- _Work item_:
The answer is the exact run of lines in the listing below from the line containing "Mühürcüm 12 Adet" up to and including the line containing "Surya Milano MLN-2308", with pictures removed.

- _Entries provided_:
Content starts
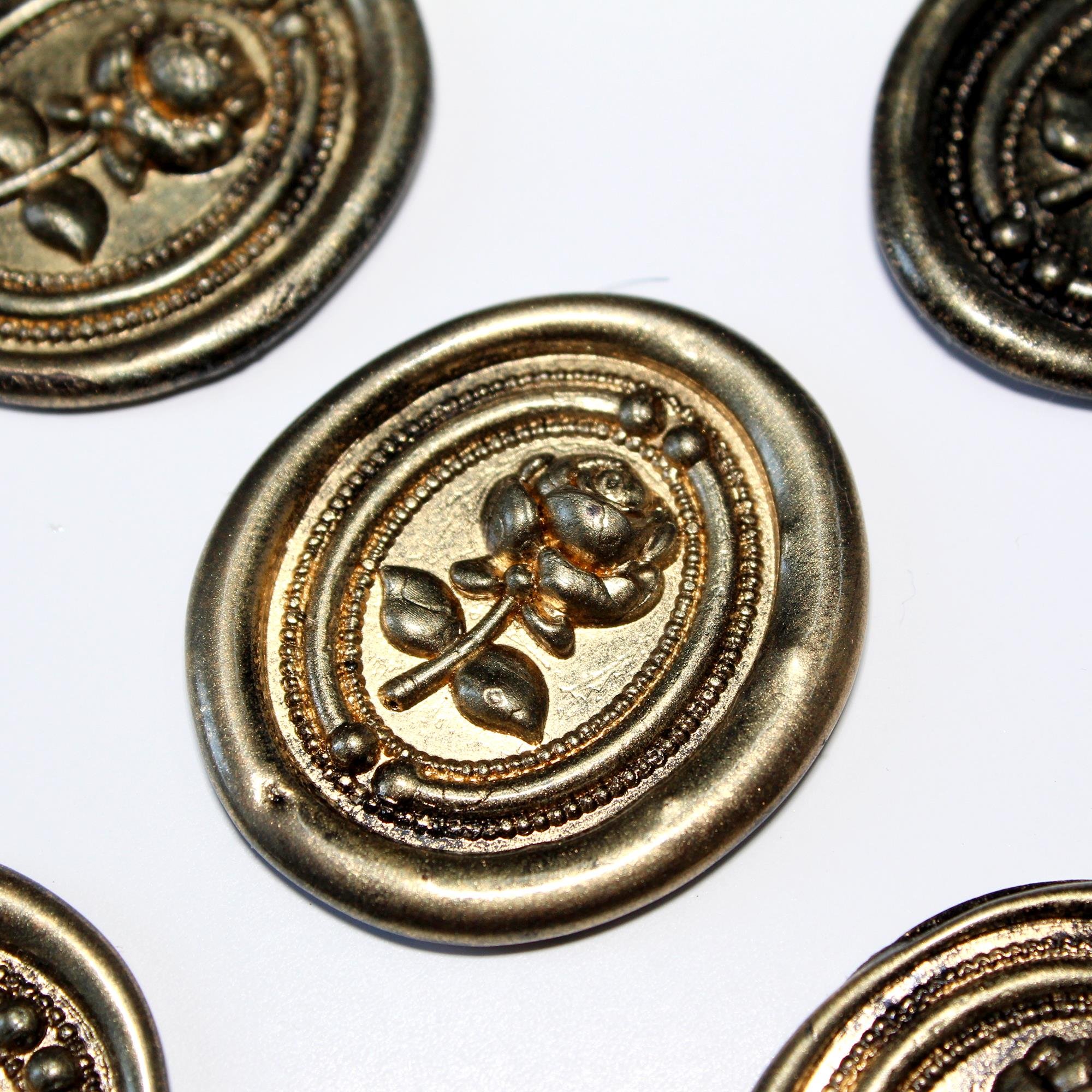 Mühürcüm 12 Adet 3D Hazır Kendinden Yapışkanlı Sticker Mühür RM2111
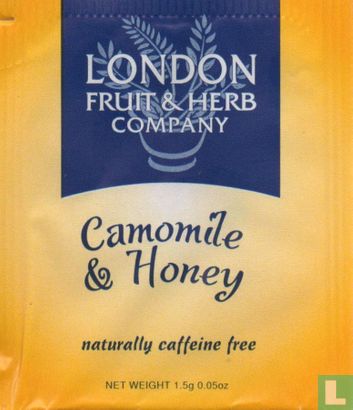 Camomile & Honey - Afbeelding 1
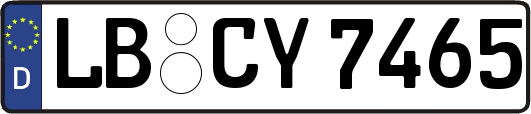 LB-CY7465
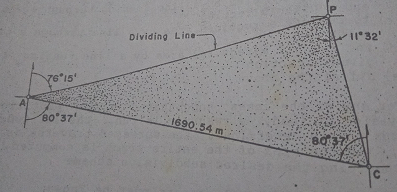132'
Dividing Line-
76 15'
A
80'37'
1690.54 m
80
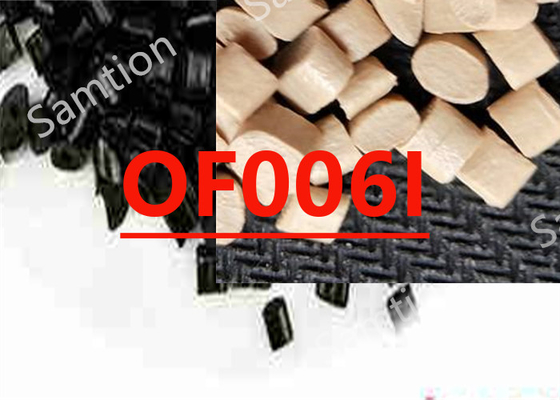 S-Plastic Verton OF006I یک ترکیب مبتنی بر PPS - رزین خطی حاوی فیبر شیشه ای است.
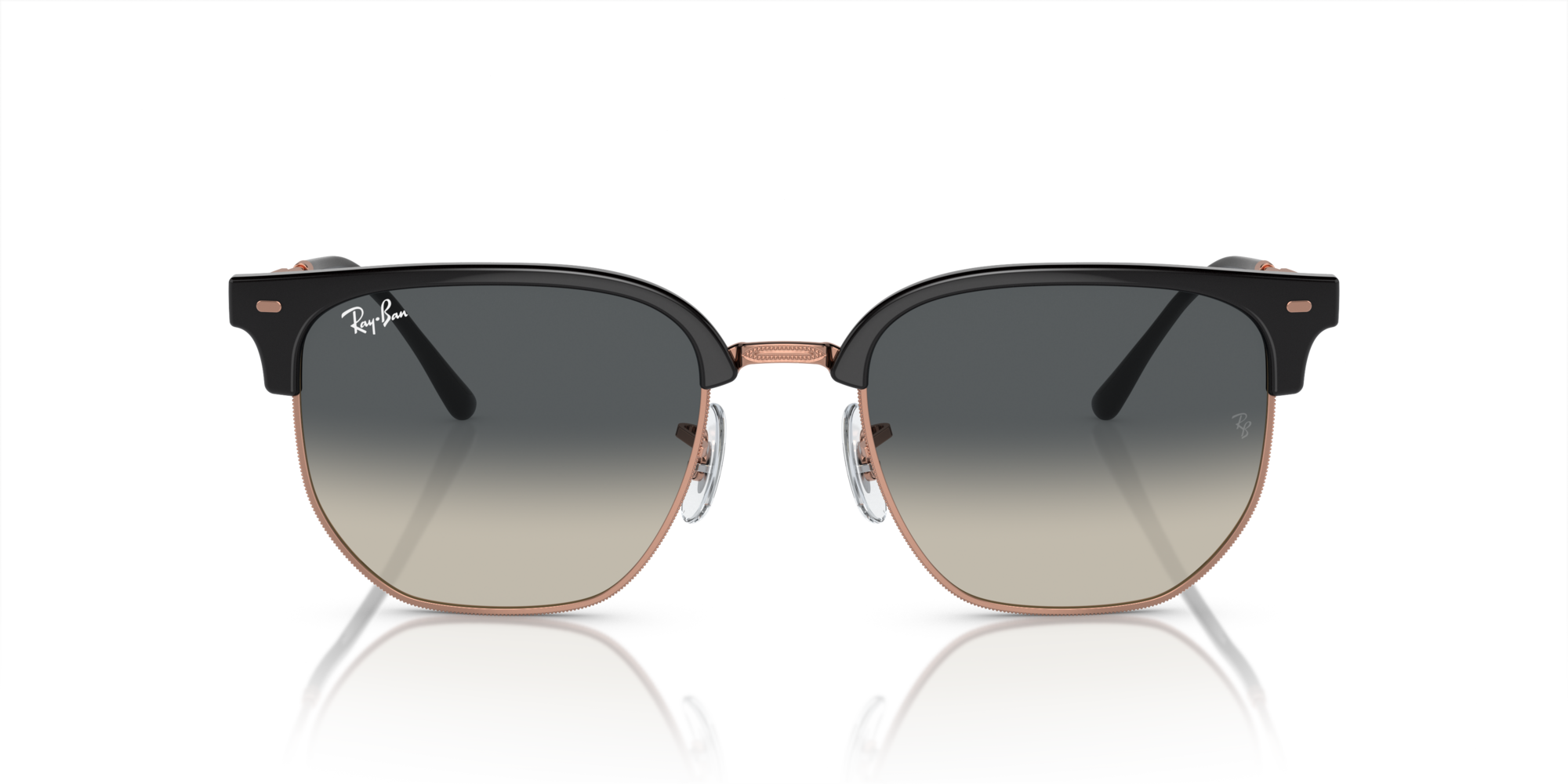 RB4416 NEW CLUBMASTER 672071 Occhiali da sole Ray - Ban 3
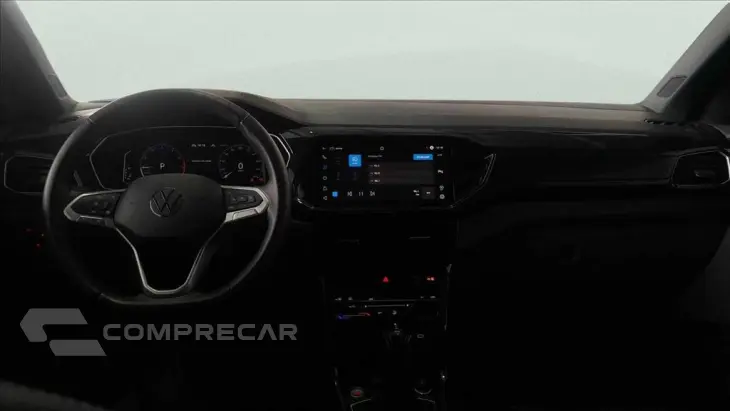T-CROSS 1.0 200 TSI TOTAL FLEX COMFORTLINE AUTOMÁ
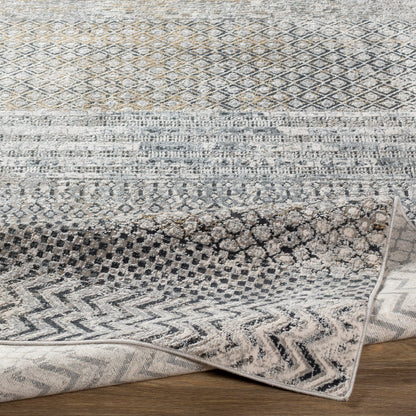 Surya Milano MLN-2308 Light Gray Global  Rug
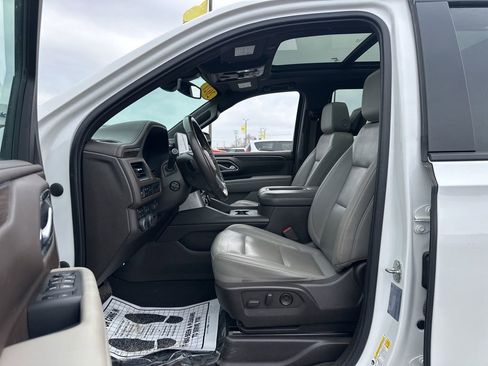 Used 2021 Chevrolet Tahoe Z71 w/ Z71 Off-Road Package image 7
Content ends
Content starts
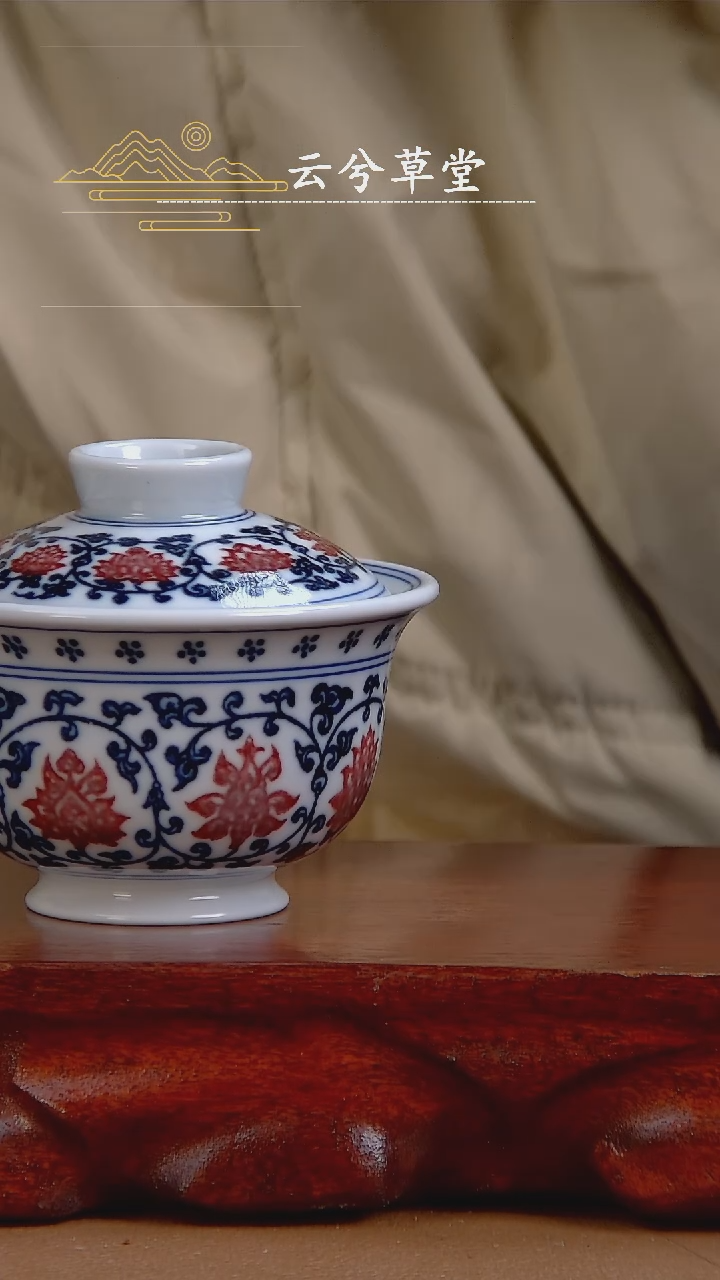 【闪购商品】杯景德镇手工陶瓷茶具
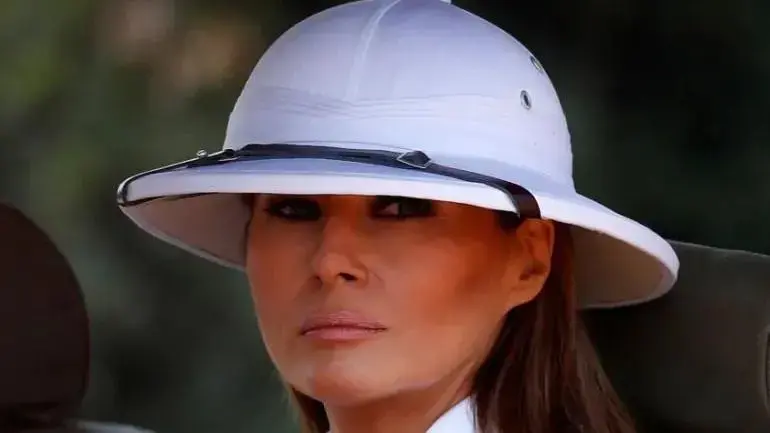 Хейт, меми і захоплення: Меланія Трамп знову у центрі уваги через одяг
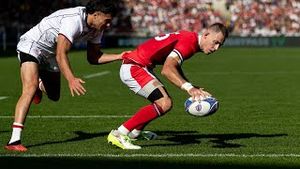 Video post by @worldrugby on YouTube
Content ends
Content starts
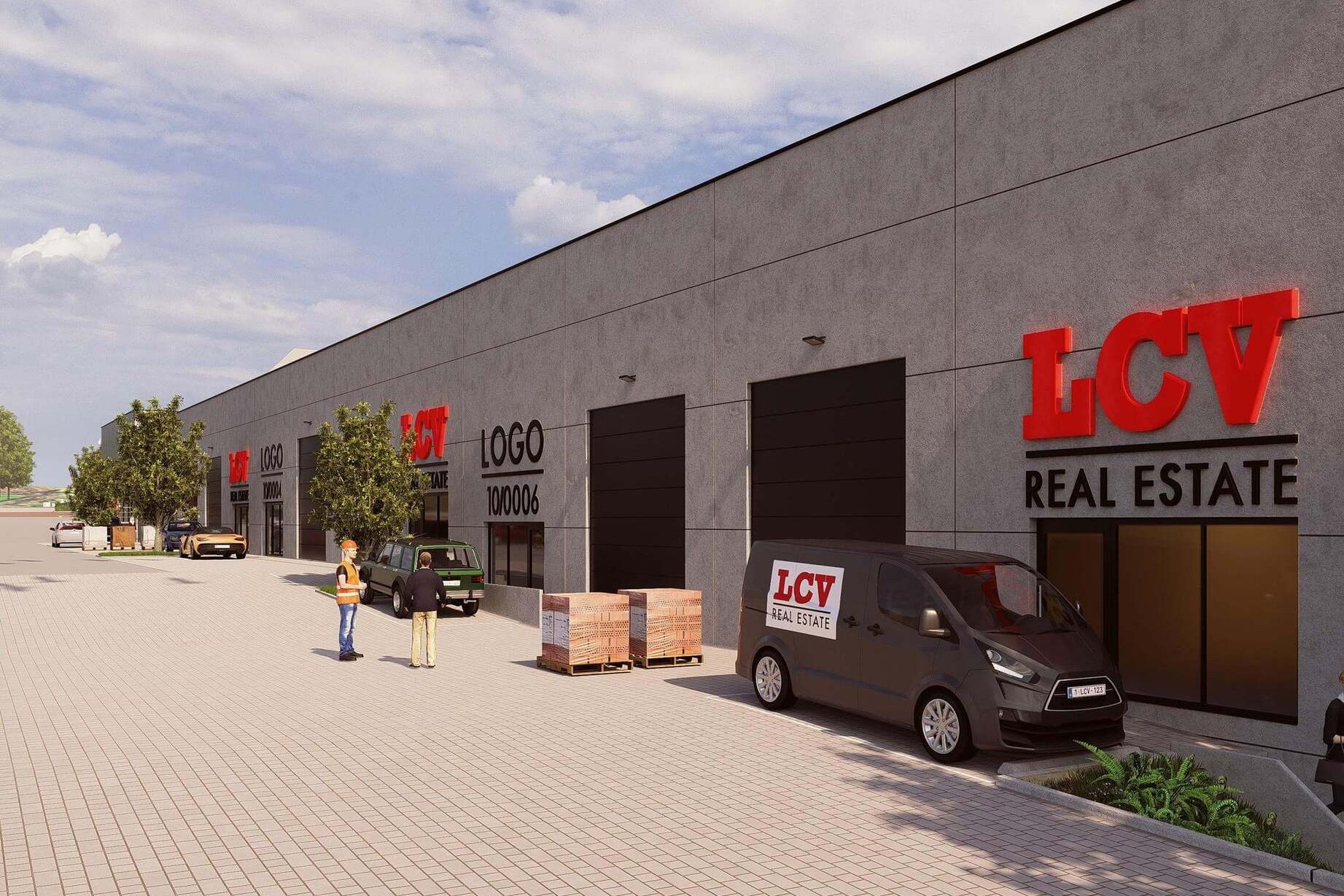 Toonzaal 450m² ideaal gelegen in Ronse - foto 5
Content ends
- _Answer to the problem_:
 Mühürcüm 12 Adet 3D Hazır Kendinden Yapışkanlı Sticker Mühür RM2111
 Camomile & Honey - Afbeelding 1
 LB-CY7465
132'
Dividing Line-
76 15'
A
80'37'
1690.54 m
80
 S-Plastic Verton OF006I یک ترکیب مبتنی بر PPS - رزین خطی حاوی فیبر شیشه ای است.
 RB4416 NEW CLUBMASTER 672071 Occhiali da sole Ray - Ban 3
T-CROSS 1.0 200 TSI TOTAL FLEX COMFORTLINE AUTOMÁ
 Surya Milano MLN-2308 Light Gray Global  Rug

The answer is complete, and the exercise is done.